El mestizo ha podido mantener, así, el más difícil de los nacionalismos; el nacionalismo como reacción anticolonial dentro de circunstancias y situaciones coloniales. Un nacionalismo que, sin más armas que la justicia de sus pretensiones, exige el reconocimiento de su soberanía por encima de los intereses de los nacionales de otros países por poderosos que éstos sean. Un nacionalismo que sabe que en cada una de sus renovadas exigencias se juega toda su existencia. Ese nacionalismo y el espíritu que le animó permitió la elaboración de un sistema de defensas puramente moral.

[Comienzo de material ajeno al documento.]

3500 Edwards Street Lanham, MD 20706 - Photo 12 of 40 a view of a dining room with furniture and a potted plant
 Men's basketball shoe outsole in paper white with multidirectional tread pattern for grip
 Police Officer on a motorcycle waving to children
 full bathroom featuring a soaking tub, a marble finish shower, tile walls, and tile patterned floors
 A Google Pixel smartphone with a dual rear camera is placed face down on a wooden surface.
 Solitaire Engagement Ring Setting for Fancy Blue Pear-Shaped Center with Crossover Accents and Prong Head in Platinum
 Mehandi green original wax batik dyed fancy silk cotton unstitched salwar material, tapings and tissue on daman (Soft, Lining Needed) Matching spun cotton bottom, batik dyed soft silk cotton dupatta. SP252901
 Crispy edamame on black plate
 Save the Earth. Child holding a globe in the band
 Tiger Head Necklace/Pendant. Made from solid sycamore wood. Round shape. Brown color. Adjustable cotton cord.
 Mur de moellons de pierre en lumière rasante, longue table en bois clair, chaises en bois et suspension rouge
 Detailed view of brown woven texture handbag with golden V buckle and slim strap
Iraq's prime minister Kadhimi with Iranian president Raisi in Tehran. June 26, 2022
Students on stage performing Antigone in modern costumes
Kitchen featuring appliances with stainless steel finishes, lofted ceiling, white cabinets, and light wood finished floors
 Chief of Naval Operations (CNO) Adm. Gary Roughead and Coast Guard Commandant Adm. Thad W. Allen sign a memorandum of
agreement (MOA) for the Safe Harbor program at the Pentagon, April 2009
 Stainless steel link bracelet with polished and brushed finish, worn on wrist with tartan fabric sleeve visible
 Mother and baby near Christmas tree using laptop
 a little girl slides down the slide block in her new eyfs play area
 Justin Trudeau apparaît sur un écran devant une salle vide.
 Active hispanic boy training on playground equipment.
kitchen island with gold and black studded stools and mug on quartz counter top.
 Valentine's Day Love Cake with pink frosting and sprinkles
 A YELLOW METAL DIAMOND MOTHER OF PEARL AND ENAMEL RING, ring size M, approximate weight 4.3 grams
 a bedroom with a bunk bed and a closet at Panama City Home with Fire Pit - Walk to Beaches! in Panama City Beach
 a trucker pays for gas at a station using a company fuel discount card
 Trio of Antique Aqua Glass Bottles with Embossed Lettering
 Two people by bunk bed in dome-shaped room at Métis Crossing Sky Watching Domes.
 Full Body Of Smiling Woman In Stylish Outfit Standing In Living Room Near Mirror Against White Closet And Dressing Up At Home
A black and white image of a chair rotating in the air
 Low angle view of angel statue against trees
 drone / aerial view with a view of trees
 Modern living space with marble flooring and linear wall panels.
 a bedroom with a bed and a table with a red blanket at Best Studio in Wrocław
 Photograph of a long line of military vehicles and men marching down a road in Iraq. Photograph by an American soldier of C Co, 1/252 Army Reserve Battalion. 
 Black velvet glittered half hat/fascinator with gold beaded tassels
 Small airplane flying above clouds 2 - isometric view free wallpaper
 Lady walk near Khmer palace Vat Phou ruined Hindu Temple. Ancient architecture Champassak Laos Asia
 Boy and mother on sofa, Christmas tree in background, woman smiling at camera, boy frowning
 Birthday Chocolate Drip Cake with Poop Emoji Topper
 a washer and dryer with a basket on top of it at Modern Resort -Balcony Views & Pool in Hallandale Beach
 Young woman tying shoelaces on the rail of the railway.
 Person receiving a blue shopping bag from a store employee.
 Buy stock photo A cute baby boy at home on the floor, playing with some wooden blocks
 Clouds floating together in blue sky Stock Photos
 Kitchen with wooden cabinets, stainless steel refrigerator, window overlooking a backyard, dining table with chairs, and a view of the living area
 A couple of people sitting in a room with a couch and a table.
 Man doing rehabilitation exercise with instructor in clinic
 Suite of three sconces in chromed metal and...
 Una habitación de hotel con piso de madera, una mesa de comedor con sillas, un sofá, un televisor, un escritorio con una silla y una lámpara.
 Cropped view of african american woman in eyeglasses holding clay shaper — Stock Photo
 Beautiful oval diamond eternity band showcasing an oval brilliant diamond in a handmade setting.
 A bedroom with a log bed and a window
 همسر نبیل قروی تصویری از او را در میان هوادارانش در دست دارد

Sólo la terca insistencia en los propios derechos de los hombres dispuestos a jugarse el todo por el todo, en un juego en que todo se podía perder o ganar, ha permitido ese respeto y consideración que ha ganado México en el exterior. Este espíritu, como se ha dicho, sólo lo podían poseer hombres acostumbrados a vivir todas las situaciones como incidentales o accidentales, hombres no acostumbrados a tomar nada como permanente, dispuestos, sin embargo a jugarse el todo por ese mínimo de permanencia, por lo accidental y limitado, por ser esto lo que consideran como propio.

Leopoldo Zea, El Occidente y la conciencia de México, ed. Porrúa y Obregón, 1953, pp. 74-76.